Constraint 2: Why I wanted to minimize my study time

Amazon/AWS has four levels of certifications:

  • Foundational
  • Associate
  • Professional
  • Specialty

The higher you go in the list, the harder the exams get and the more experience you have. The Foundational exam describes itself as targeting:

useful for individuals in technical, managerial, sales, purchasing, or financial roles who work with the AWS Cloud

That’s quite a span of skillsets. Which suggested to me what the exam would either be easy or a pile of memorization. (Spoiler: it was the later).

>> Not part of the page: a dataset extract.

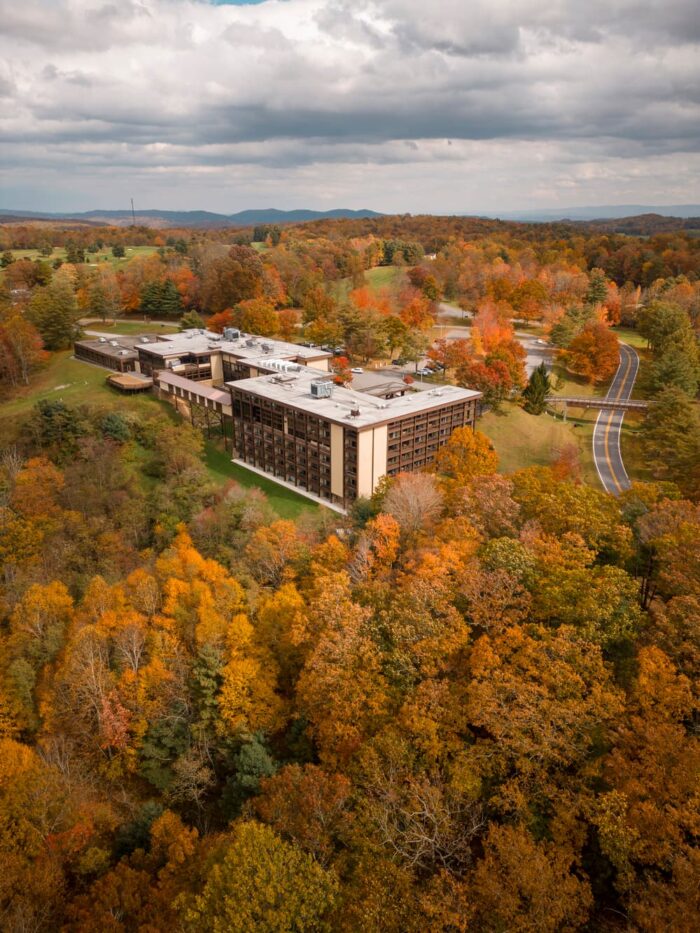 Fall foliage aerial view of Pipestem Resort State Park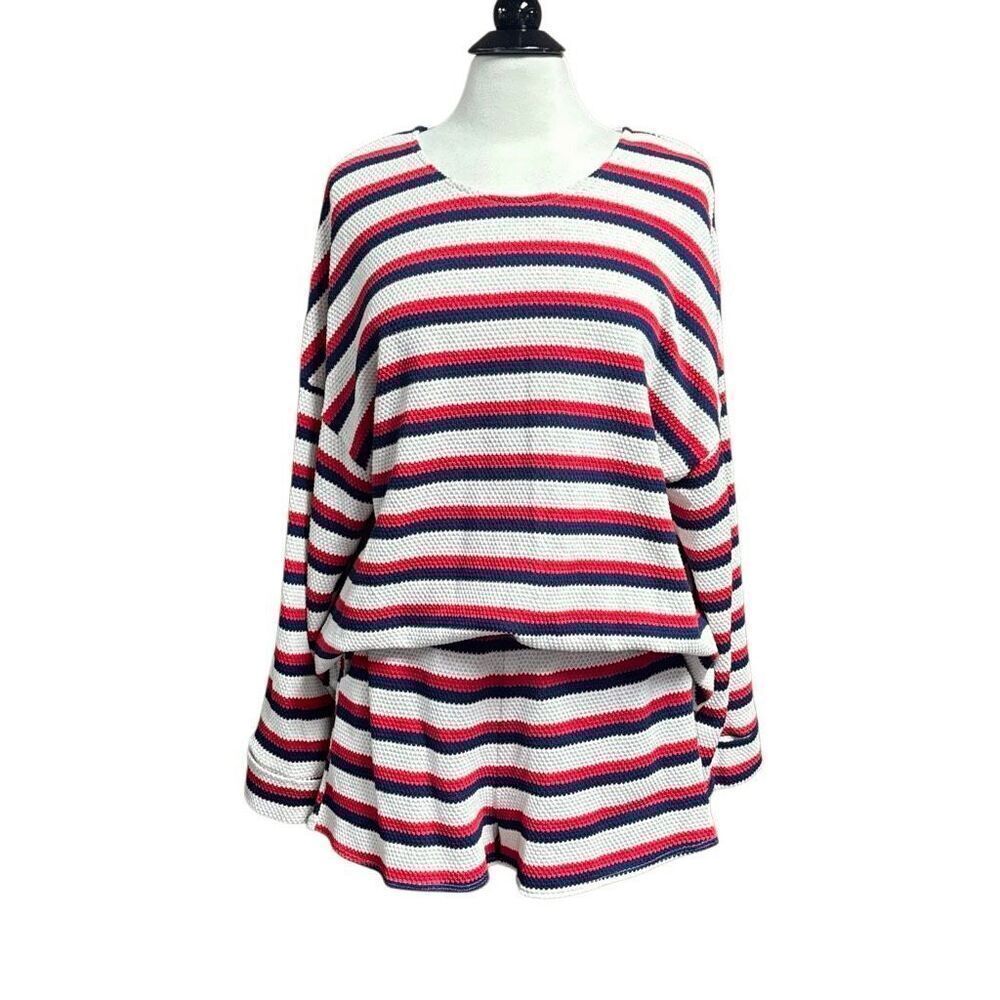 Show Me Your Mumu Womens Red White Blue Stripe Knit Shirt Set SzL NEW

Given that the exam is only $100, I decided to take it quickly. I’d either pass or know what to study for a retake. While I passed on the first try, I don’t think it was by much. Also, Janeice DelVecchio took the exam a week before and scared me into studying more. Which is good. I absolutely would have failed with my original plan!

Constraint 3: Videos are not my preferred mechanism for learning

Most of the exam materials around are videos. I don’t like learning from videos. I like learning from either reading or something interactive. The Amazon videos were even worse for me than your average video, but more on that later.

This means I used a suboptimal study plan to avoid having to watch seven hours of video.

How I actually studied

Here’s how I studied along with my comments on how long I spent on each step and commentary. (not including time spent writing the study guide or these blog posts) Remember to see the linked post if you want to see which resources I actually recommend. I’m posting this because it was hard to find out what anyone actually *did* to study or how long they needed. (Remember I take mock exams really quickly when reading this!)

For the official videos, I read the transcript and then clicked through every few minutes to find the demos to watch. I did watch one video in full because there was no transcript. It was hard to pay attention. There’s no option to view at a faster speed. Watching a cartoon to read to me is not my idea of optimal learning.

While I’m complaining about the official videos, lack of speed up wasn’t my biggest problem. Amazon has the videos set up to pause if you go to a different browser tab. So if becomes difficult to search for more detail while the lecture is going on. And they send you two emails for every video you view.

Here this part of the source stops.